2024 is over. Thank god. 2025 has begun. It just has a better ring to it, doesn’t it? In any case, when I was promoting my memoir in late 2023, I was asked what my favorite book I had read that year was and I realized the answer was: none. Yes, in fact, in 2023, I read exactly zero books. That was in part on purpose because I was finishing writing my own book, and I didn’t want some other author’s voice in my head. That said, it was a little embarrassing. I was a writer, an author. Shouldn’t I be reading books?
So in 2024, I decided to read some books and track my progress. In all I read a total of 21 books, which was a lot more than the no books I’d read the year before. So a win in that regard. But the reality is that I didn’t like most of the books I read in 2024. I’d chosen them mostly at random and for who knows what reason. There was fiction, nonfiction, memoir, self-help, one photo book, and graphic novels.

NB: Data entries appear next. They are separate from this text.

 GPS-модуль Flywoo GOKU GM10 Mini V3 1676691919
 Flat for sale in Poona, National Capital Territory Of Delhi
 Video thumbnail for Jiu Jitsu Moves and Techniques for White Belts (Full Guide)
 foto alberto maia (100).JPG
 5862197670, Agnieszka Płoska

But my favorite book was what could be described as a picture book: Leela Corman’s Victory Parade. It was stunning and inventive and startling and arresting and wildly creative. In a way, I felt a little silly. I write words. Wasn’t I supposed to prefer one of the other books I’d read, with a lot of words, like, you know, Pynchon or Marlowe or someone like that? No, I liked the one with the pictures.
In any case, I decided I’d do another reading challenge this year and chart my progress publicly again, but in 2025 I’m going to attempt to only read books that are picture books. For example, my first book of the year, which is a reread and which I’ve already started, is Scott McCloud’s Understanding Comics.

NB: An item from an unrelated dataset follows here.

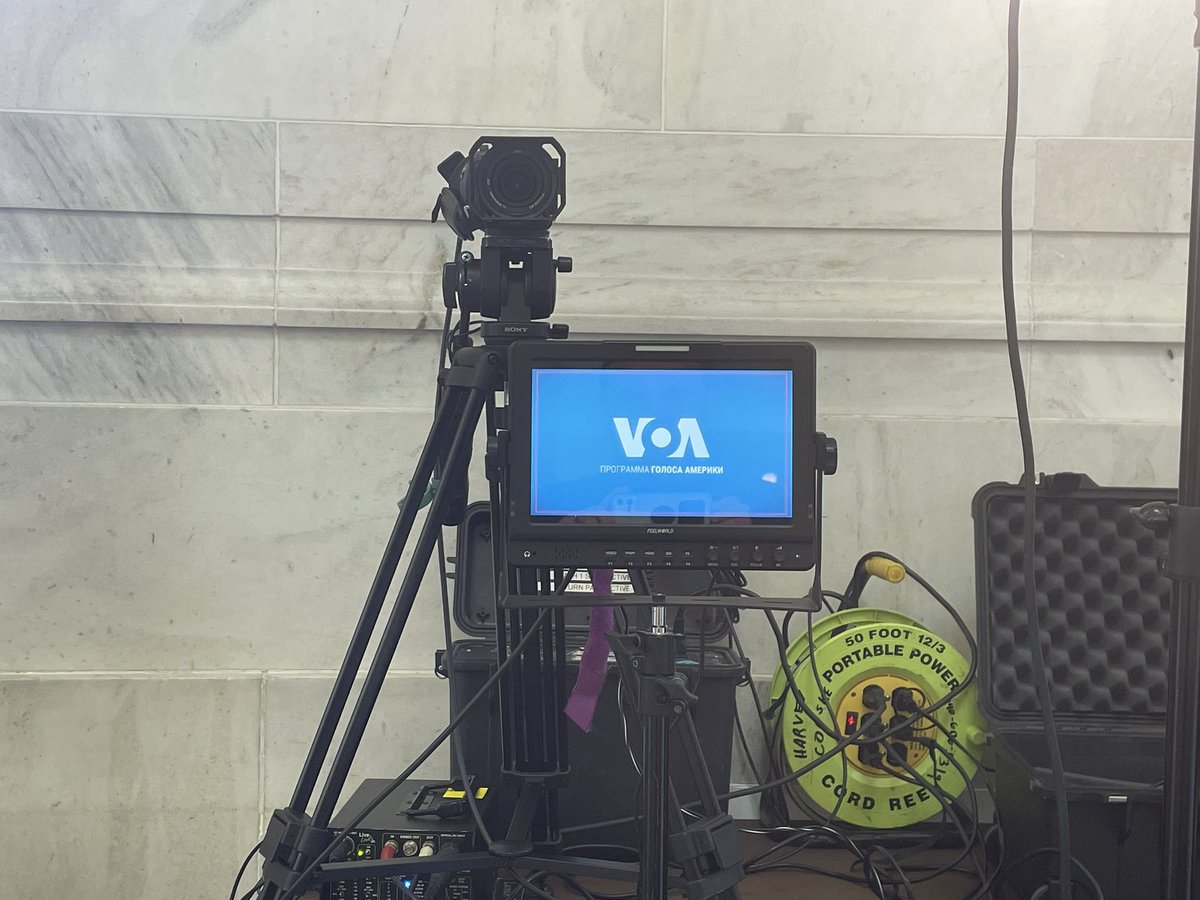 yanevskyy's tweet image. #ТрудовыеБудни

That title selection may hold a clue. The truth is: I want to create a new comic strip, which is something I haven’t done in some time. Quite a few years ago, I created two erotic comics about the times I went to go see bukkake-themed adult movies being filmed. Those comics are called “My, My American Bukkake” and “My, My American Bukkake Too.” And I’ve long wanted to do a third bukkake comic strip. So I think perhaps this re-interest in pictures and words is laying the groundwork for that.
All of which is to say, you can follow my picture book reading progress at BOOKS I READ.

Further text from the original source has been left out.